Page MenuHomePhabricator

replace cloudgw100[12] with spare 'second region' dev servers cloudnet100[78]-dev
Closed, ResolvedPublic

Description

T382220 suggests that cloudgw1002 might be having hardware issues, and @aborrero suggests that we replace it.

We have several servers already racked from a cancelled dev experiment that we could use to replace this workload without ordering more hardware.

Existing cloudgw servers:

cloudgw1001: C8; 8 cores, 32GB RAM, 2x 10GB ports, 2x240 sssd, purchased march 2021

cloudgw1002: D5; 8 cores, 32GB RAM, 2x 10GB ports, 2x240 sssd, purchased march 2021

Unused cloud-dev servers:

cloudnet1007-dev: E4; 2x12 cores, 64GB RAM, 2x 10GB ports, 4x960 ssd, purchased august 2023

cloudnet1008-dev: F4; 2x12 cores, 64GB RAM, 2x 10GB ports, 4x960 ssd, purchased august 2023

cloudcontrol1008-dev: D5; 2x12 cores, 64GB RAM, 2x 10GB ports, 4x960 ssd, purchased august 2023

cloudcontrol1009-dev: E4; 2x12 cores, 64GB RAM, 2x 10GB ports, 4x960 ssd, purchased august 2023

cloudcontrol1010-dev: F4; 2x12 cores, 64GB RAM, 2x 10GB ports, 4x960 ssd, purchased august 2023

I propose that we replace both cloudgw100[12] servers (not at the same time, of course) with renamed cloudnet100[78] boxes.

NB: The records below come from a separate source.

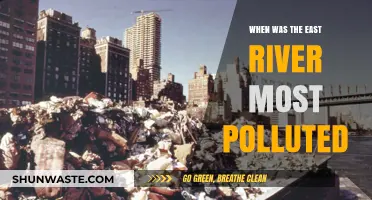 The East River's Pollution Crisis: A Historical Perspective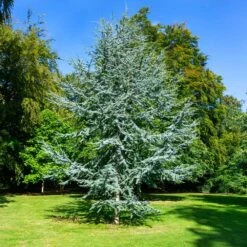Blue Atlas Cedar Tree -Green Yard Plant Store Blue Atlas Cedar 2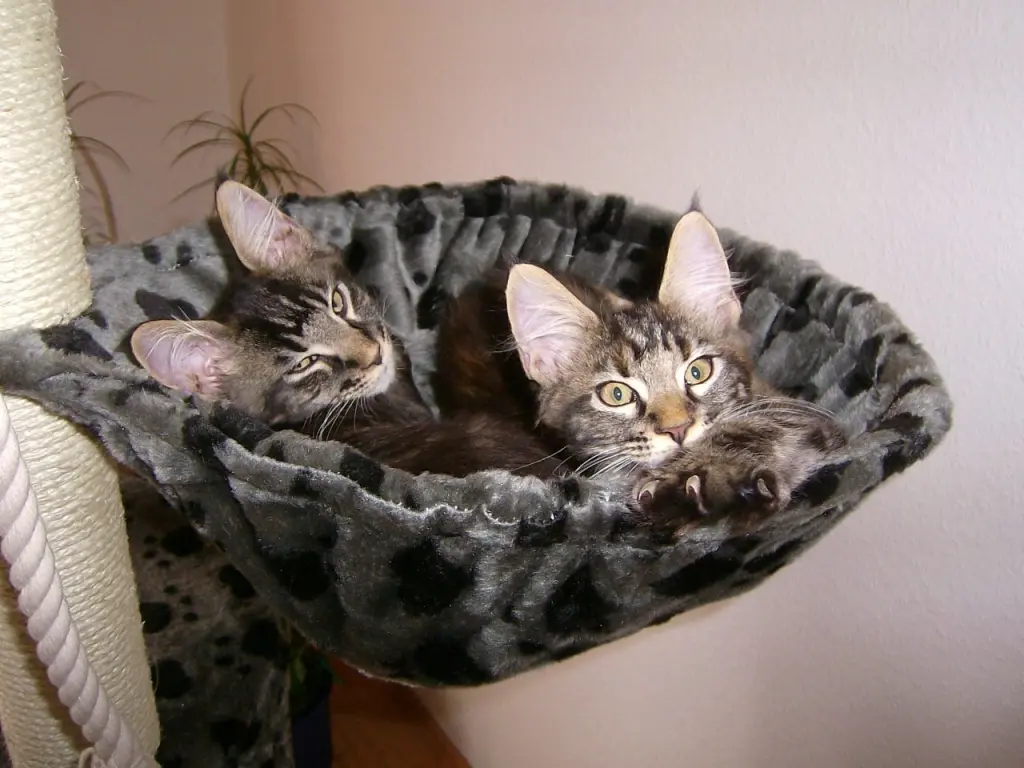 Image from Finja & Thor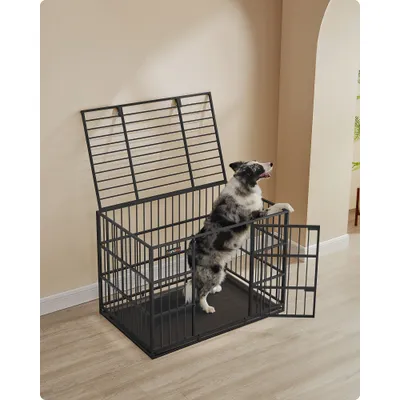 Feandrea Cage pour Chien Ultra-résistante, Caisse pour Animaux de Compagnie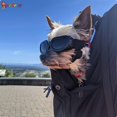 thumbnail image 5 of Spencer Small Dog Goggles UV Protection Doggy Sunglasses Windproof Anti-Fog Eye Wear for Small Pet Puppy Cat (Black), 5 of 8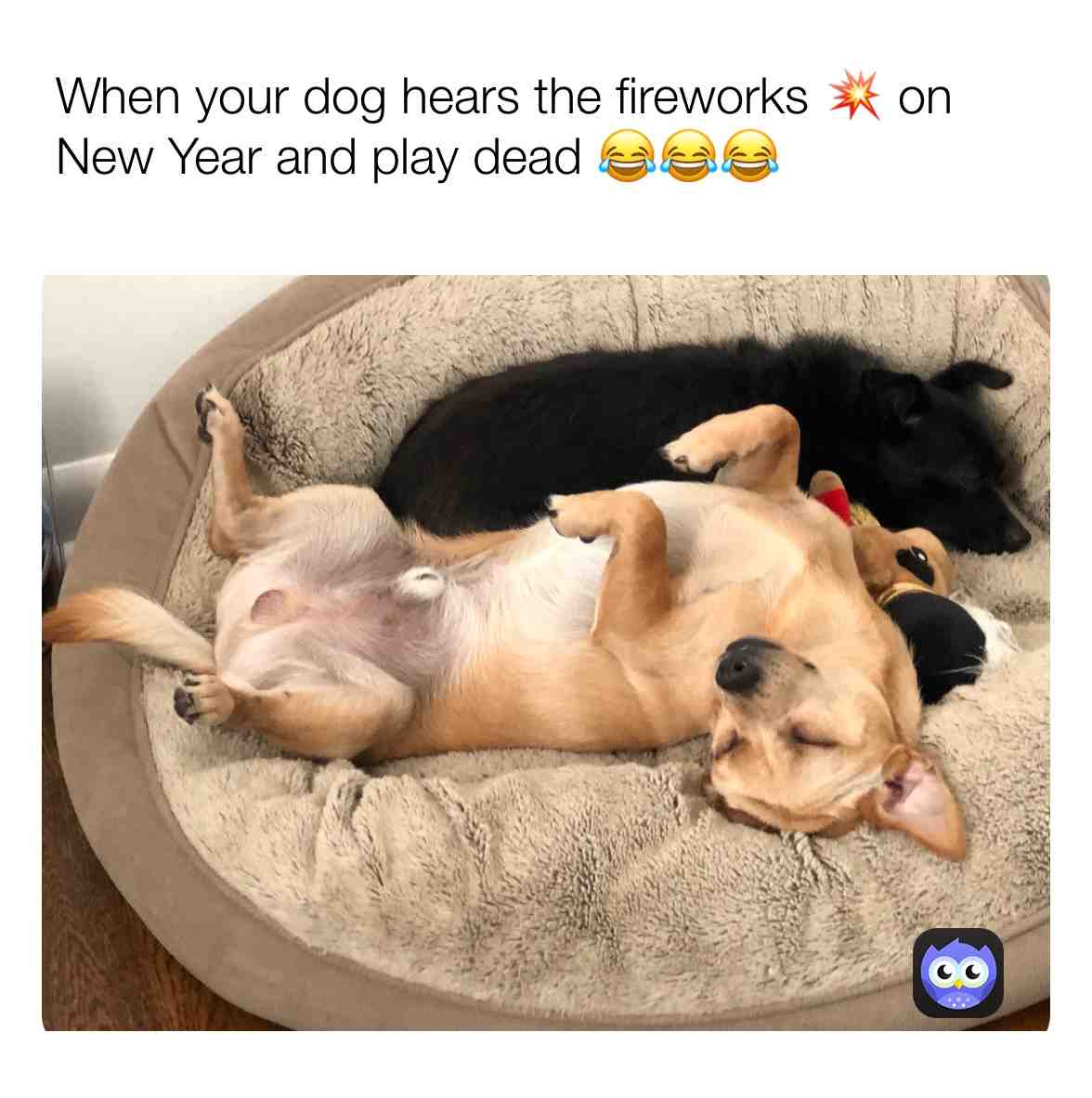 #dogs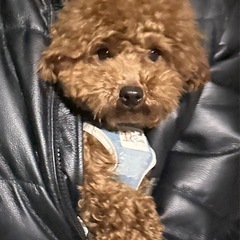 トイプードル　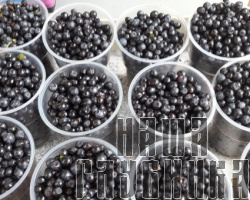 Лесная черника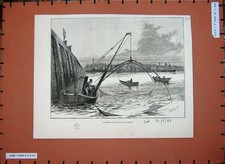 Old Antique Print 1888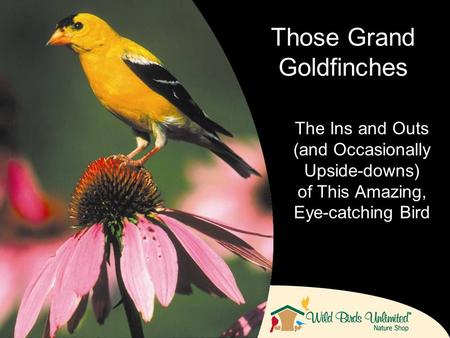 The Ins and Outs (and Occasionally Upside-downs) of This Amazing, Eye-catching Bird Those Grand Goldfinches.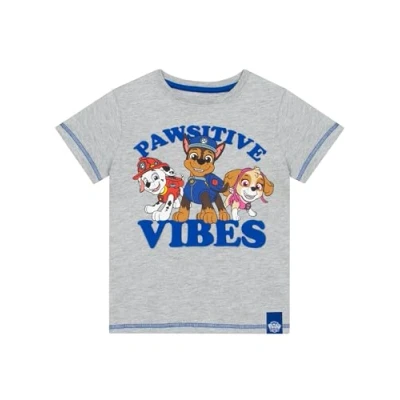 Afbeelding van Paw Patrol T shirt shirts met korte mouwen voor jongens kinderen, grijs.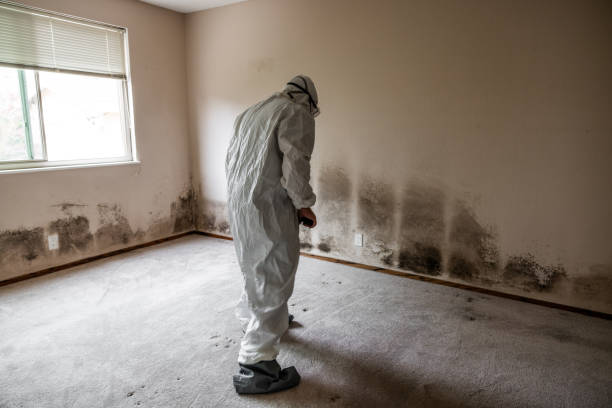 Best Black Mold Removal  in Lordship, CT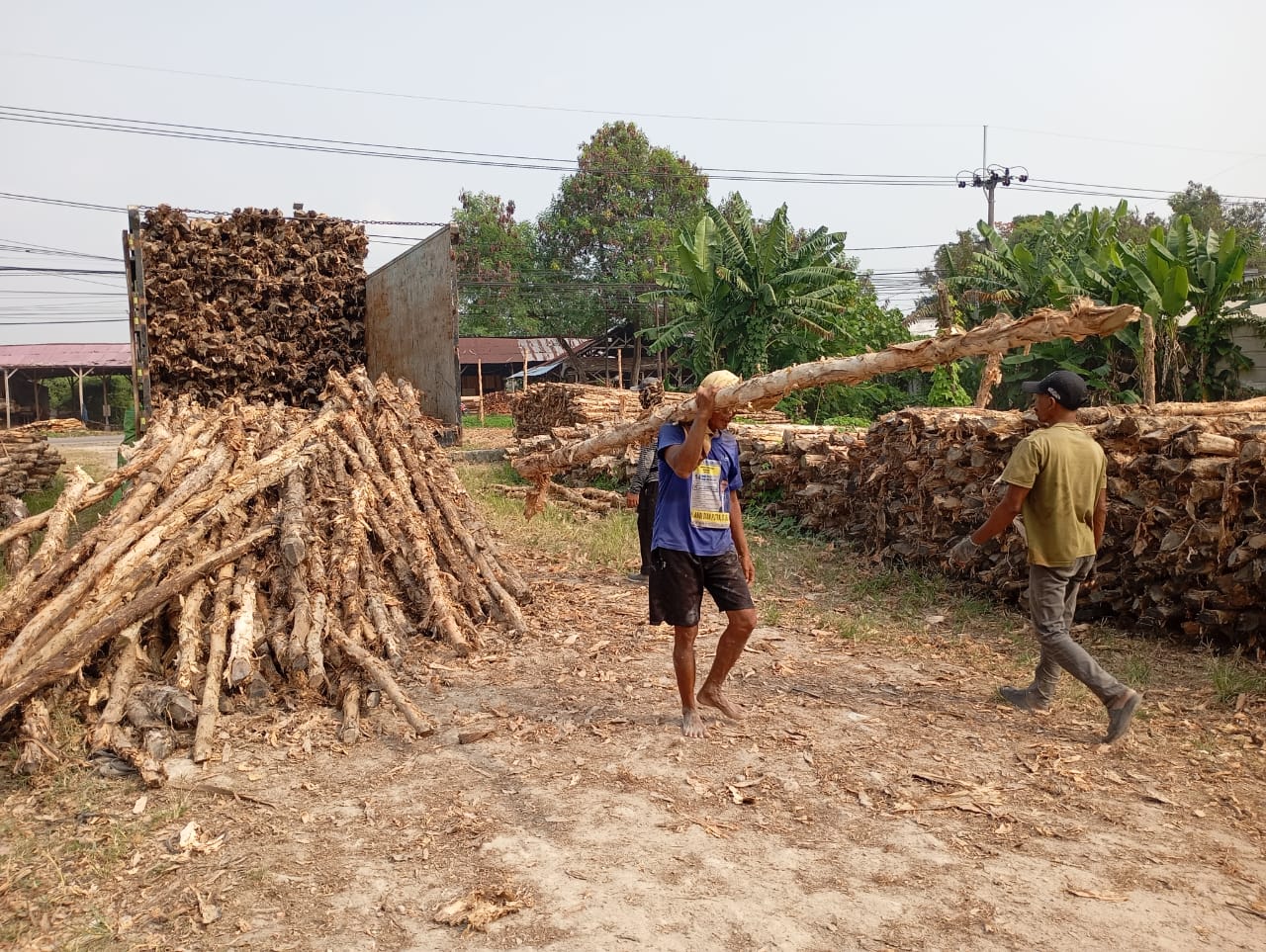 Bongkar muat kayu dolken gelam siap antar ke pelanggan di Poso — foto 2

There are a couple of caveats:

  1. Does it matter that the replacement servers are in different racks? Pinging @aborrero and @cmooney for an answer
  1. Is renaming servers in place in a datacenter so awful that we should never ever do it? Pinging @RobH for an answer

Related Objects

Event Timeline

Does it matter that the replacement servers are in different racks? Pinging @aborrero and @cmooney for an answer

Yeah we'll need to move them. The two cloudgw's should be in C8 and D5 in eqiad. If placed in E4/F4 the flow of traffic to and from those cabs to traverse the cloudgw would be massively sub-optimal and probably lead to congestion.

cloudnet1007-dev: E4; 2x12 cores, 64GB RAM, 2x 10GB ports, 4x960 ssd, purchased august 2023

If the CPUs are running at the same speed going from 8 to 12 does help. However the dual-socket system is a more complex beast, we will need to ensure that all the NIC RX/TX queues are assigned to CPU cores on the socket connected to the same PCIe as the NIC. Not sure if the kernel will do that by default or not. Also definitely worth disabling some of those offloads.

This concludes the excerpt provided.